And the LAUSD's massive construction campaign includes a number of new schools next to some of our busiest roadways. Nearing completion is a new high school designed by Perkins + Will at the so-called Metromedia site. Commuters on the 101 have watched the school rise on North Wilton Place, no more than 100 feet from the freeway. The architectural flagship of the construction effort is a new high school for the arts, designed by the Austrian firm Coop Himmelblau. It will be built facing another stretch of the 101, across the freeway from the Cathedral of Our Lady of the Angels downtown.

As architectural solutions to tricky, overlooked sites, the schools are impressive. But through the lens of public health, they look altogether different.

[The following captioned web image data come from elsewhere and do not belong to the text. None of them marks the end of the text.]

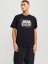 Jcomap Logo Erkek Siyah T-Shirt 12252376-Black 6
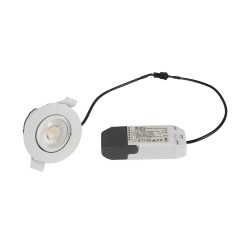 LED'UP UNIVERSAL SWITCH rond ori blanc 2700K/3000K/4000K 6W 60DEG IP65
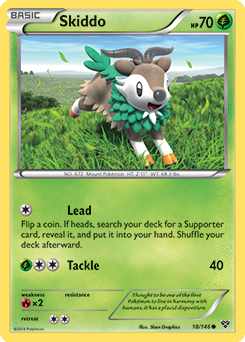 Skiddo 18/146 Pokémon card from X&Y for sale at best price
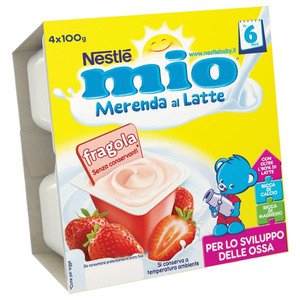 Nestle Mio Merenda Strawberry 4 Pieces 100G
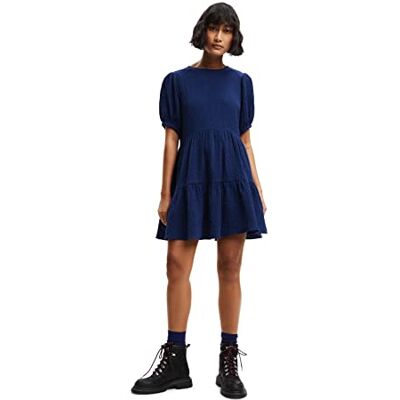 Desigual Kvinnors väst_Luna, 5010 Royal Casual Dress, Blå, M Desigual Kvinnors väst_Luna, 5010 Royal Casual Dress, Blå, M
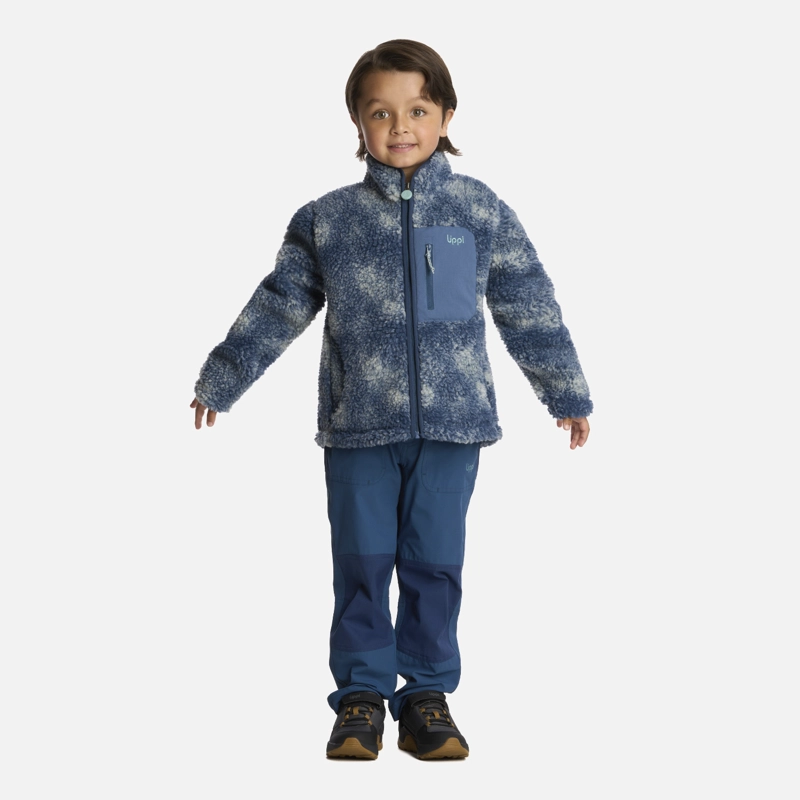 POLAR NIÑO GLACIAR SHERPA-PRO PRINT AZUL PIEDRA LIPPI I25 - 6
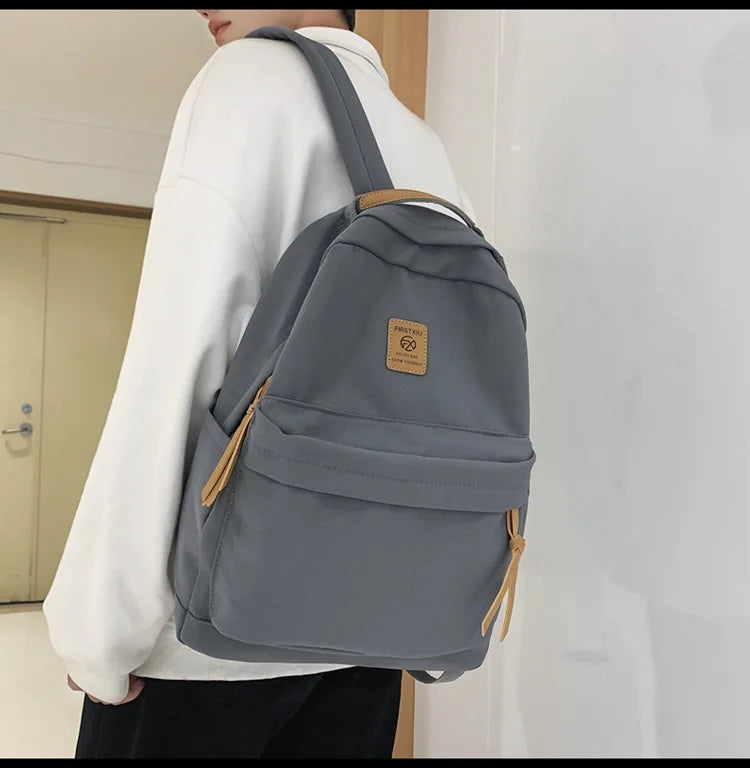 School Backpack for Men Women College Bookbag Lightweight Black Backpack Rucksack Casual Daypack School Bag for Boys Girls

In Hollywood, meanwhile, planners are working to gain approval for a new park that would be built directly atop a curving portion of the 101, between Bronson Avenue and Wilton Place. Preliminary designs for the park have been greeted as an ingenious solution to the open-space crunch in Los Angeles -- and, in many ways, a sign of things to come. Councilman Eric Garcetti, who represents the neighborhood, said as much three weeks ago, after the City Council voted to spend $100,000 studying the feasibility of a park in that site.

"We've come to a place in Los Angeles [where], for better or for worse, it's actually cheaper to look at putting a cap over the Hollywood Freeway to build a park than buying land in the middle of Hollywood," he told a broadcast reporter.